Erhebliche Einwände zumindest gegenüber Terrence Malicks Film (mehr dazu hier, sowie eine nachgereichte Kritik im Standard) macht Rüdiger Suchsland auf Artechock geltend: Malick gehe dem Nazi-Kitsch ziemlich auf den Leim, meint er. "Mit Riefenstahl geht es los.
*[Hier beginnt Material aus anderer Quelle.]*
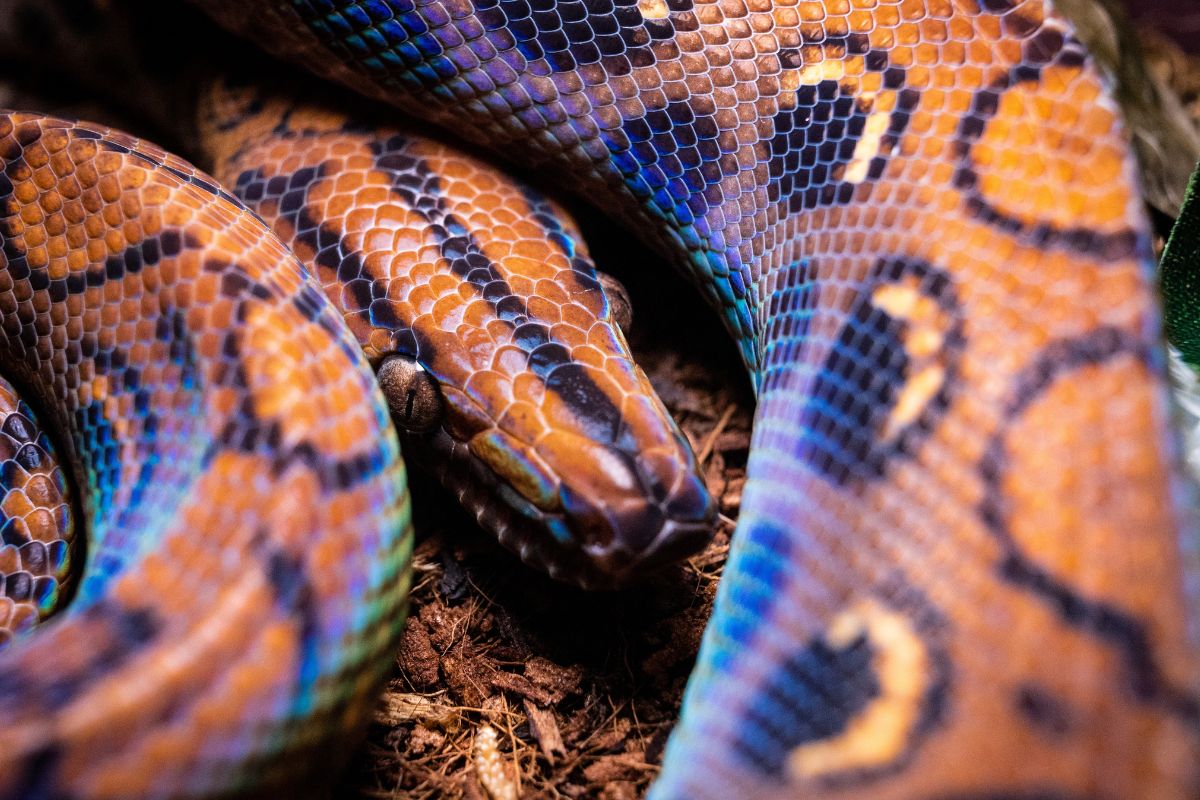 serpenti più colorati del mondo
Flüge über Marschkolonnen, Reichsparteitag, Ekstase der Hitlerfans, Feiern im Feuerschein. ... Noch nie war der studierte Philosoph und Heidegger-Übersetzer auch so nahe dran an Heideggers Philosophie und deren fließenden Übergängen zum Faschismus, dessen Verklärung des Bäuerlichen, des 'einfachen Lebens', der 'Weisheit' der Natur. ... Die Heimatfilmästhetik des Ganzen, die idyllischen Bilder der Natur- und Bauernverklärung: Man tanzt und lächelt, senst und pflügt. Die Sonne scheint, der Esel schleppt. Das Leben auf dem Land ist offenbar ziemlich lustig, denn Erwachsene spritzen sich hier mit Wasser nass, spielen mit Kindern blinde-Kuh. Wenn die Nazis mal wieder von sich hören lassen, schickt Gott ein Gewitter, oder Wolken und Sturm."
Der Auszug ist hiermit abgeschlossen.